中鬼は悲鳴をあげ、その顔には憤怒が溢れる。
中鬼は怒りに任せ、襲い掛かって来た木に金棒を叩きこむ。
木がなぎ倒され、都の姿がむき出しになるも、中鬼の怒りは収まらない。
そのまま金棒が都に振るわれる。
「まずいですわ!」
都は咄嗟に結界を展開するも、その結界ごと都は吹き飛ばされる。
「大丈夫か?」
結界の砕けた音を聞き、何が起きているか分からない生徒達がざわめく。
(痛い……! けど、このまま止まっていたら負ける!)
都は痛む体を無理やり動かし、再び木々に潜む。
(まだ終わっていない、ですがやはり火力が不足してますわ。ですが、木々に霧、それに片目も見えない。中鬼も満足に見えていないはず)

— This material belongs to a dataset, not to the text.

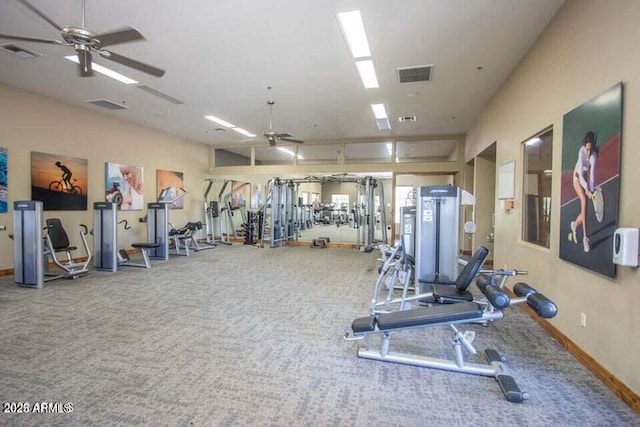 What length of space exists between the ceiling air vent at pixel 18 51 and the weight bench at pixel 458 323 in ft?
17.9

都は中鬼が見えない右目側に移動すると、一気に勝負をかける。
渾身の霊力を使い、呪を唱える。
「臨兵闘者皆陣列前行。木行・木天掌。急急如律令!」
木から巨大な木でできた腕が生えると、中鬼を抑え込むように背後の木に叩きつけた。
(あれは木天掌。中々の大技を。勝負を決めに来たな。徹底的に地の理を活かした戦法。木行が得意なのか、実践を意識させて彼が教えたのか……だが、中鬼を潰すには少しだけ、火力が足りないな)
山楽は少し遠くからその様子を見守っていた。
中鬼の顔は苦しそうに歪んでいたが、倒しきる程の威力はなかった。
(だが、四級妖怪相手に一歩も引かず、最後まで戦う姿は素晴らしかった)
そう締めようとしていた山楽の目に、走る都の姿が映る。
(いったい何を?)
都は中鬼が背中を押し付けられていた木まで回り込むと、その両手を当てる。
「臨兵闘者皆陣列前行。木行・成樹。急急如律令」
木から生えた枝は背後から中鬼の頭部を貫いた。
頭部を貫かれた中鬼はそのまま消えていく。
それは都の勝利を意味していた。
傷を負った都が木々の中から現れる。
「素晴らしい。三条都の勝利だ」
「「「「おおおーーーーー!」」」」
歓声と共に、拍手の喝采が起こる。
その傷だらけの姿を見て、簡単に勝ったと思った者は居ないだろう。
全力を尽くし、それでもなお勝った彼女に皆が拍手を送った。
「中鬼の再顕現まで少しだけ時間がかかる。それが終わったら続きを再開しよう」
「先生、次は芦屋君です。彼の相手に中鬼では意味がないと思います。山楽さんの相棒が見たいです!」
そう言ったのはさっき絡んできた田山である。
「山楽先生の相棒って……あの有名な」
「私も見たい!」
と生徒達がざわめき始める。
「あいつは生徒と戦わせるような式神ではない」
「えー」
「けど、芦屋君が中鬼なんて、相手になりませんよ!」
と好き勝手言い始めた。
「先生、俺はなにが相手でも構いませんよ。中鬼でも、他の式神でも」
道弥はそう言ったが、少しだけ山楽の相棒に興味があった。
「はあ……仕方ないな。だが、同じ条件だと不公平だ。芦屋君は十秒、逃げ切ったら勝利とする」
「構いません」
道弥は堂々と言葉を返した。
「出ろ……雅」
山楽の言葉と共に、大犬が姿を現した。